> ACTION ITEM
Look for "Amora Luxe Heart Necklace" in the entries below. Then write out exactly the line that holds it and every line after it, to the last, and nothing else.

-- EXERCISE DATA follows --

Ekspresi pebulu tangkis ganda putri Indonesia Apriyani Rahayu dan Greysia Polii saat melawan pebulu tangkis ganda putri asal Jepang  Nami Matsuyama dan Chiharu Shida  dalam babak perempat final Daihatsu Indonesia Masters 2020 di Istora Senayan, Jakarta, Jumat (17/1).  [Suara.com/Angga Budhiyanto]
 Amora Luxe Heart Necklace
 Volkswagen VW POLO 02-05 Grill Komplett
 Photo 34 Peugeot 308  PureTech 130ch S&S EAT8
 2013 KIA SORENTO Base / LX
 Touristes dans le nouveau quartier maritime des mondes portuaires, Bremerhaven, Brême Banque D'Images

-- EXERCISE DATA concluded --

> ANSWER FOR THE TASK
 Amora Luxe Heart Necklace
 Volkswagen VW POLO 02-05 Grill Komplett
 Photo 34 Peugeot 308  PureTech 130ch S&S EAT8
 2013 KIA SORENTO Base / LX
 Touristes dans le nouveau quartier maritime des mondes portuaires, Bremerhaven, Brême Banque D'Images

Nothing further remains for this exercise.